Son chef-d’œuvre en 2009 : battre l’Espagne en compétition
Ce cher Bradley est effectivement une figure du football mondial depuis son quinquennat plutôt très réussi à la tête de la sélection américaine entre 2006 et 2011. Il succédait alors à son maître Bruce Arena, qu’il connaît depuis ses très jeunes années comme entraîneur universitaire – une vingtaine d’années à peine à ses débuts sur un banc dans les années 80 – et avec qui il avait découvert la MLS en tant qu’adjoint, avant de devenir un coach reconnu de la ligue nord-américaine. En 1998, la toute nouvelle franchise Chicago Fire confie les rênes de l’équipe à ce technicien inexpérimenté qui réussit l’exploit de faire le doublé coupe-championnat. La légende de Bob Bradley est née, et peu importe si ses expériences suivantes en MLS avec les Metrostars et Chivas USA sont moins concluantes, c’est donc à lui que la Fédération fait appel au lendemain du Mondial 2006 pour préparer le suivant. Sous son ère, les Yanks s’installent comme une nation qui compte, comme une sélection qui sait très bien jouer au football – tant pis si elle appelle ce sport différemment – et qui peut aussi obtenir de très bons résultats sur la durée et pas seulement par coups par-ci par-là. Grâce à Bradley, fini de se moquer de ces Américains qui n’ont prétendument rien à faire dans ce sport qui n’est pas ancré dans leur culture. En 2009, la bande à Bradley fait sensation en dominant l’Espagne en demi-finale de la Coupe des confédérations, avant de s’incliner en finale face au Brésil. Performance confirmée un an plus tard en égalant la meilleure performance des Américains en Coupe du monde : un 8e de finale, comme 16 ans plus tôt à domicile, et une défaite amère dans la prolongation face au Ghana. Le Ghana, bourreau des rêves de Bradley, se trouvera encore sur sa route en 2013 lorsque le natif du New Jersey échouera dans sa mission de qualifier l’Égypte pour le Mondial 2014.

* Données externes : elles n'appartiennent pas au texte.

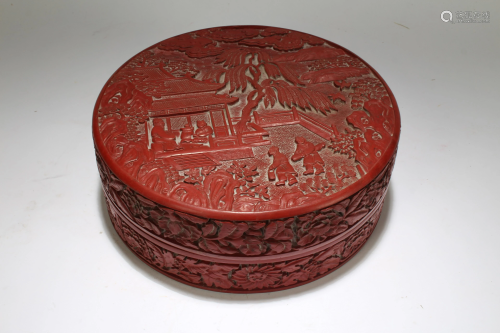A Chinese Lidded Story-telling Massive Lacquer Box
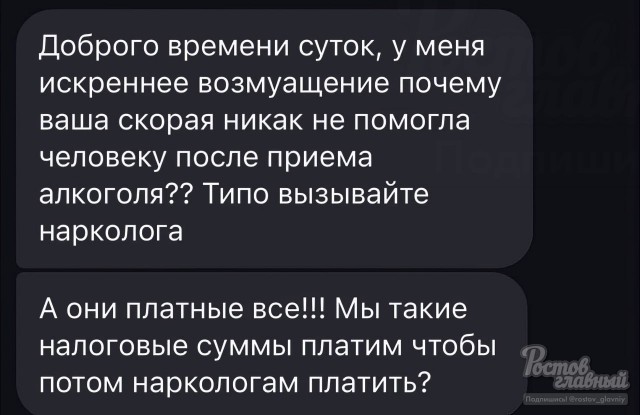 Вопросы убили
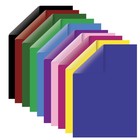 Картон цветной двухсторонний А4, 100 листов, 10 цветов, плотность 220 г/м2, BRAUBERG Kids series, тонированный - фото 9409962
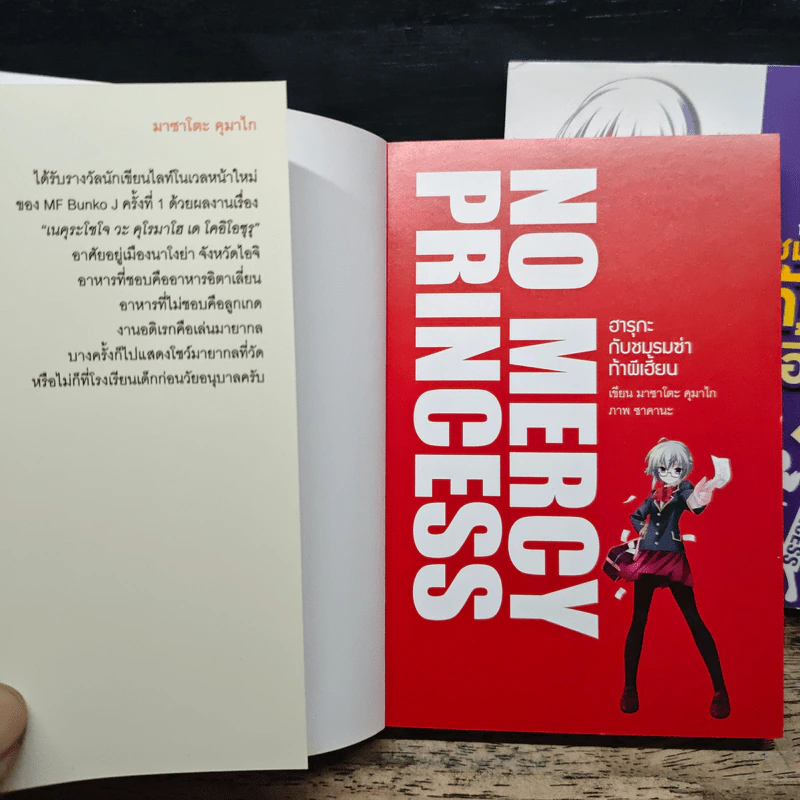 ฮารุกะกับชมรมซ่าท้าผีเฮี้ยน เล่ม 1-2 รูปที่ 6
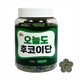 thumbnail image 1 of Suplemento para Mascotas ZIOSTAND 220 g Alga Marina y Aceite de Coco, 1 of 7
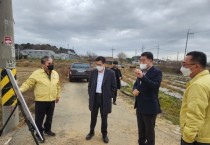 [평택시]  최원용 부시장, AI 방역 현장점검… 방역관리 강화   -경기티비종합뉴스-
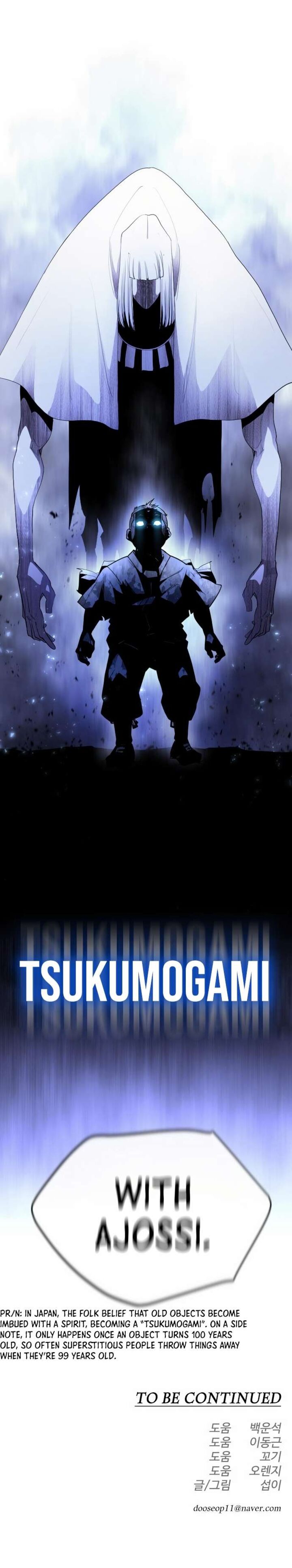 Superhuman Era Chapter 146 - Page 39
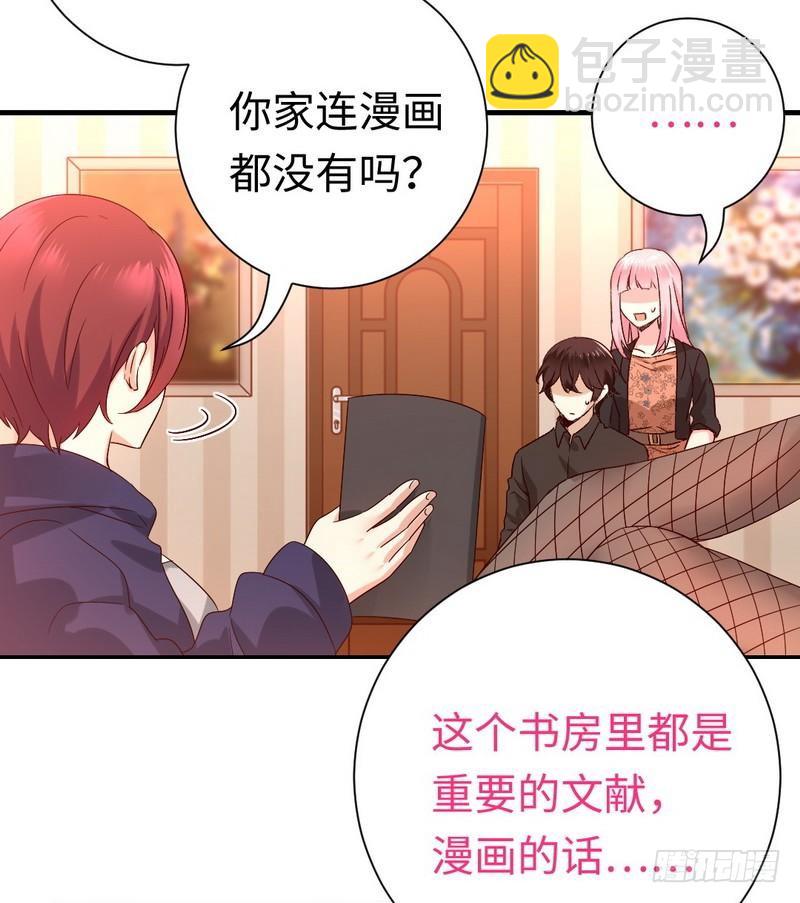 第102话 哪个才是情敌？-第106话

Communiquant, téméraire, francophile et adepte d’un jeu offensif
Arrivé en Égypte en octobre 2011 pour relever un second challenge en sélection, Bradley a dû composer avec l’ambiance de chaos dans lequel a été plongé le monde du football sur place après le massacre de Port Saïd en février de l’année suivante et qui a fait 72 morts parmi les supporters d’Al-Ahly, le plus grand club du pays. Championnat suspendu, meilleurs joueurs décidés à prendre leur retraite sportive, tensions extrêmes entre les fans de foot et les forces de l’ordre : malgré tous ces aléas, Bradley est resté en poste et a même décidé de rester vivre sur place au Caire, où il dit et répète avoir vécu une aventure humaine extraordinaire, terminée prématurément seulement du fait de cette élimination face au Ghana aux portes de vivre une nouvelle Coupe du monde avec une deuxième sélection. Depuis cet épisode africain, il a affiché sa volonté de connaître le football européen et a saisi la première opportunité qui se présentait à lui : le championnat norvégien avec la modeste équipe de Stabaek qu’il a reprise en main dans la foulée, début 2014, alors qu’elle venait de faire son retour en élite. Bilan : une 9e place en 2014 et un podium assuré cette saison, synonyme de qualification pour la prochaine édition de la C3. Pas mal pour un club à petit budget et alors que le meilleur joueur de l’équipe, l’attaquant Adama Diomandé, a filé à Hull City cet été. Réputé adepte d’un jeu offensif, bon communiquant, francophile, plutôt téméraire à la vue de ses choix de carrière jusqu’à présent, le père de l’international américain Michael Bradley arrive en fin de contrat en Norvège en novembre. Il y était le premier Yankee à entraîner une équipe européenne en première division, il pourrait être le premier Yankee sur le banc d’une équipe pro en France.